Amazon is pouring big bucks into geek culture — and Critical Role's Matt Mercer just dropped a major hint about the series fans have been waiting for


Matthew Mercer, Marisha Ray, Taliesin Jaffe, Laura Bailey, Sam Riegel, Ashley Johnson, Liam O'Brien and Travis Willingham attend The Prime Experience: Saturday Morning Cartoons Ft. "The Boys Presents: Diabolical", "Fairfax" & "The Legend of Vox Machina" on May 07, 2022 in Beverly Hills, California.
The cast of Critical Role.

  • Fans of Critical Role have been waiting for news of "The Legend of the Mighty Nein."

  • Amazon inked its exclusive deal with CR in 2023 after an $11.3 million Kickstarter run.

  • Matthew Mercer, Critical Role's game master, dropped a big hint to BI about what's to come.


To all the Critters, as members of the Critical Role fandom are known, I come bearing excellent news.


The cast of Critical Role has remained tight-lipped about "The Legend of The Mighty Nein," their second Amazon-backed animated series.
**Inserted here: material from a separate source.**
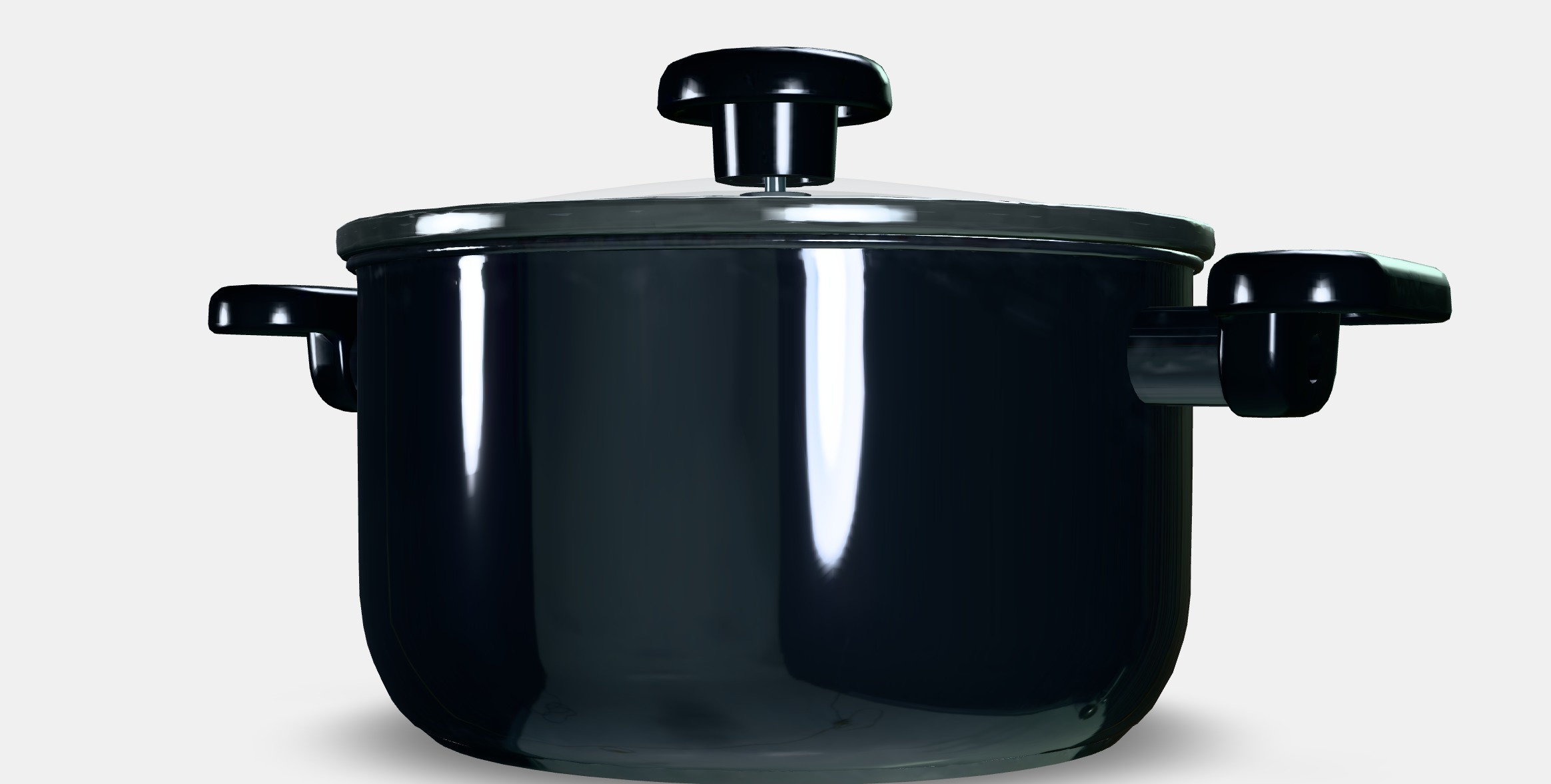 MIDDAGSMAT Pot with lid Low-poly 3D model_5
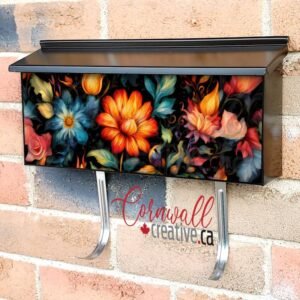 Beautiful Slovak Folklore Flowers Wall-mounted Townhouse Mailbox Cover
The fandom has been chomping at the bit for more content, but all that's been revealed so far is a trailer announcing the series' development.


For the uninitiated, Critical Role is a juggernaut in the tabletop roleplaying game industry. They're fresh off a sold-out live show at London's Wembley Arena, and are working on two Amazon-backed animation series right now, both based on the eight-member cast's long-running "Dungeons & Dragons" campaigns. Now well into its third campaign, the team has roleplayed its way through the fantasy land of Exandria for over 1,300 hours.


And while the anticipation for the new series has reached a fever pitch, the cast has remained very tight-lipped about all things related to plotlines, timing, and characters — until now.


I sat down recently for a video call with Matthew Mercer, Critical Role's game master, and he dropped two big hints about the plotline fans will see in the series.


"We're heavy in development on Campaign Two's animated series right now, and it's coming along so well," Mercer told me. "And because it's in animated form, we get to see other perspectives of the narrative as opposed to just the Mighty Nein's journey."


I asked Mercer about beloved non-player characters like Essek Thelyss, a time-bending wizard who became a fan favorite.


"We'll see story threads that follow members of the Cerberus Assembly, and Essek and the Dynasty," he said, referring to the key players in the fictional warring nations of the Dwendalian Empire and the Dynasty, a cornerstone of Critical Role's second campaign.


"Things that we didn't get to see in the campaign, we now get to explore as part of the animated series," Mercer said.


Mercer is riding a career high right now, with his wildly popular role as the goth gunslinger Vincent Valentine in "Final Fantasy VII: Rebirth," a role he told me has been a "white whale" he's chased for years.


He and his friends also living proof that investing in nerd world brings in the big bucks. Amazon, driven by the team's $11.3 million Kickstarter fundraising run for "The Legend of Vox Machina," inked an exclusive, multiyear deal with CR in 2023 to make both animated series happen.


While Mercer's comments did not reveal details about the number of episodes in the new series or when it'll drop, it's a far more substantial hint than what his co-stars have given the fandom to work with. But if "The Legend of Vox Machina" is any indicator, we might see multiple seasons planned, with at least a dozen episodes each.


The first two seasons of "The Legend of Vox Machina" are already out on Amazon Prime, and the third is in development.


I also tried to wrangle some details about "The Legend of the Mighty Nein" out of Mercer's fellow cast member Liam O'Brien when we spoke in March. O'Brien played the sad but brilliant wizard Caleb Widogast during the crew's 141-episode-long second campaign, and he told me the animated series is "coming along beautifully."


"The things that I have seen have blown me away, and I know people are going to love it," O'Brien said.